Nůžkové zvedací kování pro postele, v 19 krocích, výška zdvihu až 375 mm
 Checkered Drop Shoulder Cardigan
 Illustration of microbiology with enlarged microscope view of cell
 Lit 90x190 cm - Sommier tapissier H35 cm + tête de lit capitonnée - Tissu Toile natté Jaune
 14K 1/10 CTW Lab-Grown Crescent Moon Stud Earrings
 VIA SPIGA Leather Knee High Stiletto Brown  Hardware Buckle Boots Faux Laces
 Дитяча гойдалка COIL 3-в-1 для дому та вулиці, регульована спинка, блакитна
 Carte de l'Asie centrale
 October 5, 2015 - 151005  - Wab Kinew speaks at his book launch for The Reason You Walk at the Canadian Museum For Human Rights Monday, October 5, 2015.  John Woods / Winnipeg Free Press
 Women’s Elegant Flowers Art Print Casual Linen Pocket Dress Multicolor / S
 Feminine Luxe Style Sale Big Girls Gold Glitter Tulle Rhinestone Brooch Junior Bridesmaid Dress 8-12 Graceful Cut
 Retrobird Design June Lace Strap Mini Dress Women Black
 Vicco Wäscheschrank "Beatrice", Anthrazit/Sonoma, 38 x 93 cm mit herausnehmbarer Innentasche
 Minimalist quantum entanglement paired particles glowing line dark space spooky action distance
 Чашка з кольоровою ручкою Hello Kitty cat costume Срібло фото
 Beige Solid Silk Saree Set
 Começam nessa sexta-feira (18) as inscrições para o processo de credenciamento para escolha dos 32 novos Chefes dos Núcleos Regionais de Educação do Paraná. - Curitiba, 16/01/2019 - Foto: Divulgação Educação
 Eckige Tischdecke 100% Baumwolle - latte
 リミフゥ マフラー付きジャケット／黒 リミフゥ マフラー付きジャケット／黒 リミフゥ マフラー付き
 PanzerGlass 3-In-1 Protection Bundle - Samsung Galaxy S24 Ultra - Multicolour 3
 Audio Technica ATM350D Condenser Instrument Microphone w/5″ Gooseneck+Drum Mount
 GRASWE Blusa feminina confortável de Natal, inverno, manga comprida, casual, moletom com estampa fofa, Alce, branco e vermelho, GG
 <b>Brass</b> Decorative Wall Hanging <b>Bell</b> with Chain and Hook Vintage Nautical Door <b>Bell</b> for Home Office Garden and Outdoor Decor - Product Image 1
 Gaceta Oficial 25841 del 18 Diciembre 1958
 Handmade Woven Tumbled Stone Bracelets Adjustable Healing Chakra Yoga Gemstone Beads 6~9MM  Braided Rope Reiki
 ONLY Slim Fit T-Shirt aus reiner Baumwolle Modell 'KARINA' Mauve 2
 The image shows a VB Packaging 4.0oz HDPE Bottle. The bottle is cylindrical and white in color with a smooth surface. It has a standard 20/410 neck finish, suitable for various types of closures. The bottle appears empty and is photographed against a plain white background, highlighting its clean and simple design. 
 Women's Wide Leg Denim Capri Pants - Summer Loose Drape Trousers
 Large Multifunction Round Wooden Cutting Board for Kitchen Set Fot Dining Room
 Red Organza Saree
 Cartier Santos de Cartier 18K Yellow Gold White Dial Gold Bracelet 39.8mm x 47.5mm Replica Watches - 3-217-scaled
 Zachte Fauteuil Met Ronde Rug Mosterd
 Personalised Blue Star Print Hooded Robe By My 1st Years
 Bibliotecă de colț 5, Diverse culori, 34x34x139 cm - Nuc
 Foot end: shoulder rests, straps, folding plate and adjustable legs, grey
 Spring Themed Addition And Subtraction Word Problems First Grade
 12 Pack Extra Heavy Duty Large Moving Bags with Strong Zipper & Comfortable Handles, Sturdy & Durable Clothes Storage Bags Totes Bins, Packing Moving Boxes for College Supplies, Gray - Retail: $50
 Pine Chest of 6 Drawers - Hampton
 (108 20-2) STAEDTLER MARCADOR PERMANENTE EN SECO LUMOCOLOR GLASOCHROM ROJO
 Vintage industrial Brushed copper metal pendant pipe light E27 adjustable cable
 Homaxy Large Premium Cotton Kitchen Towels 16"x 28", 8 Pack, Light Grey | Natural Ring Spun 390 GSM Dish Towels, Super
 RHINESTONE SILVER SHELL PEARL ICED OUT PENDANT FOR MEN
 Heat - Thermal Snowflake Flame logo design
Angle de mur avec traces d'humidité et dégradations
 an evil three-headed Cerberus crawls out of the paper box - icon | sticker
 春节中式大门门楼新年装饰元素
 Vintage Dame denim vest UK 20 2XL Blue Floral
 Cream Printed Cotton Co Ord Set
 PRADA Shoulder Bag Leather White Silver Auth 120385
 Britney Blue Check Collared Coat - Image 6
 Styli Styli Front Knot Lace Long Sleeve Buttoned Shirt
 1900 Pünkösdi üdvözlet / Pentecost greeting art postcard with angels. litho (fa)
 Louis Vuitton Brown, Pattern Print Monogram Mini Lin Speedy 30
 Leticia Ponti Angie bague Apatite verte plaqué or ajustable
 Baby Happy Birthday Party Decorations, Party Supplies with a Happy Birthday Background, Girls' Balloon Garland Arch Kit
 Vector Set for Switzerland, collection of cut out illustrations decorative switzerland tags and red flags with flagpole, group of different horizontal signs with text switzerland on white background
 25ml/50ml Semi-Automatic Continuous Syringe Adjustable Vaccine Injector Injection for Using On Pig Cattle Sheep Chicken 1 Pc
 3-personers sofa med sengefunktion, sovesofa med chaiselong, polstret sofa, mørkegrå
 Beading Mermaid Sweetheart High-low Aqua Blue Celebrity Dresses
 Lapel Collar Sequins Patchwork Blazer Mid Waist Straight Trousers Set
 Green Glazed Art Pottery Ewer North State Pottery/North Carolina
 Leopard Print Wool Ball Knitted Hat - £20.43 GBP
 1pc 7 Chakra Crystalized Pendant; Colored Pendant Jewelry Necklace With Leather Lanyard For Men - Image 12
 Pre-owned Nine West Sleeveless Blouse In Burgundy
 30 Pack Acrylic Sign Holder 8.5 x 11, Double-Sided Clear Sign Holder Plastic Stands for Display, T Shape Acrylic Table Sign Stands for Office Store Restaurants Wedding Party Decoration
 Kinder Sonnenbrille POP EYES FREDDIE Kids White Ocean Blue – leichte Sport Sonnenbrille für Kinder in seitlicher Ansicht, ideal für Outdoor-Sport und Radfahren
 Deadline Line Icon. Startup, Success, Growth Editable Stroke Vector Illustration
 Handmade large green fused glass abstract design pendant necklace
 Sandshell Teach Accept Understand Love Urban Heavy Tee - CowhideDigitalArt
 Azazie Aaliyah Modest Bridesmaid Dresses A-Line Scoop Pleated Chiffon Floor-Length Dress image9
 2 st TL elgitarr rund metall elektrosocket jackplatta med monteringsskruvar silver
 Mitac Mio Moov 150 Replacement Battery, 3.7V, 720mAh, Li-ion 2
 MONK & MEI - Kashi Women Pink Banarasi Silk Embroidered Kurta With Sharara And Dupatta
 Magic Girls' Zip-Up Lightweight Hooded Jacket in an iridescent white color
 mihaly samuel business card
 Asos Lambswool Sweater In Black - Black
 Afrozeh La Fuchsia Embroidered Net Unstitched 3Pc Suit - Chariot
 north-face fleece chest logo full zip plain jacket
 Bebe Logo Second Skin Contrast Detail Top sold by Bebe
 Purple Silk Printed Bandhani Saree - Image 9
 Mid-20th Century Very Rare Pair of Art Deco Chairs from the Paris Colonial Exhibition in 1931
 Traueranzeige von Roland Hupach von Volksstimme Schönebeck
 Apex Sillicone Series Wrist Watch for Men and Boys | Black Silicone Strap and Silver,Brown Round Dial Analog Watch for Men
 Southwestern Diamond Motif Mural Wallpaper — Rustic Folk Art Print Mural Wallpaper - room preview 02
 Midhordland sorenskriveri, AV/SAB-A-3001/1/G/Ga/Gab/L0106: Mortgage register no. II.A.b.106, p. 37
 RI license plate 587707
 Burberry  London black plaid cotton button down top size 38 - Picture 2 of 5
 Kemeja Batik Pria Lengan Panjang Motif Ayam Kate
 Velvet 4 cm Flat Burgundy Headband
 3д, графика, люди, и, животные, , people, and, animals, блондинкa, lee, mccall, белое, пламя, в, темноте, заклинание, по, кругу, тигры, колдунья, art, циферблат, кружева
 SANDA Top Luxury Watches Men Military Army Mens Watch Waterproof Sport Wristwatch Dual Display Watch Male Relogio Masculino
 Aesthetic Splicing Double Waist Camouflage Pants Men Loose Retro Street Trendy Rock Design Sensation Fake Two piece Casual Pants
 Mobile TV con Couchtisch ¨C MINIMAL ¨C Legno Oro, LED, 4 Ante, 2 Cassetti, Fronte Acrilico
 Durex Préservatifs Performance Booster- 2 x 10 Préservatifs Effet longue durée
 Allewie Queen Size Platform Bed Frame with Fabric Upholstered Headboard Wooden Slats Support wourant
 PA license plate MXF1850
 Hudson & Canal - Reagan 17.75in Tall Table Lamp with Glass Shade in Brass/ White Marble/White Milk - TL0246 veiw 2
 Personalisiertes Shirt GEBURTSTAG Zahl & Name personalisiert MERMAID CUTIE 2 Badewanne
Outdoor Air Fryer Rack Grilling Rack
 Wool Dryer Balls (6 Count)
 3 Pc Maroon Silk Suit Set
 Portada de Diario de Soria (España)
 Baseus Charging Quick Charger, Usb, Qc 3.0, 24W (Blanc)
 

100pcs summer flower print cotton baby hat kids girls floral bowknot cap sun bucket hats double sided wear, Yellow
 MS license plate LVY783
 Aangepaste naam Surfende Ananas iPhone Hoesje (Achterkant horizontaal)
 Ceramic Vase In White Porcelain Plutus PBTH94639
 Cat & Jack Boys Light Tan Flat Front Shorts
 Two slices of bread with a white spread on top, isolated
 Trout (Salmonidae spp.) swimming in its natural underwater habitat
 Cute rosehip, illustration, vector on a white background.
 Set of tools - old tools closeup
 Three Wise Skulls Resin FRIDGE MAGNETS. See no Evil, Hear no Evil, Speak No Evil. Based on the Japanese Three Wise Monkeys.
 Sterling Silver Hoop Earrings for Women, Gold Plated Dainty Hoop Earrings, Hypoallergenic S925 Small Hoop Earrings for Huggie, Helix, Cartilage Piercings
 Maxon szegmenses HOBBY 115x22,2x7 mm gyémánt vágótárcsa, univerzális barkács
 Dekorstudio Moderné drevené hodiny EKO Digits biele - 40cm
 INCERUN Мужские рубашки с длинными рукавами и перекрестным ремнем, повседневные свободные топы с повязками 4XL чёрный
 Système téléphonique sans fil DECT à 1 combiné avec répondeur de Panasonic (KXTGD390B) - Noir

◆ WHAT IS NEEDED: Precisely the lines between those holding "Women's Wide Leg" and "Spring Themed Addition", inclusive, are to be reproduced from the listing above, with nothing added.

◆ EXPECTED ANSWER:
 Women's Wide Leg Denim Capri Pants - Summer Loose Drape Trousers
 Large Multifunction Round Wooden Cutting Board for Kitchen Set Fot Dining Room
 Red Organza Saree
 Cartier Santos de Cartier 18K Yellow Gold White Dial Gold Bracelet 39.8mm x 47.5mm Replica Watches - 3-217-scaled
 Zachte Fauteuil Met Ronde Rug Mosterd
 Personalised Blue Star Print Hooded Robe By My 1st Years
 Bibliotecă de colț 5, Diverse culori, 34x34x139 cm - Nuc
 Foot end: shoulder rests, straps, folding plate and adjustable legs, grey
 Spring Themed Addition And Subtraction Word Problems First Grade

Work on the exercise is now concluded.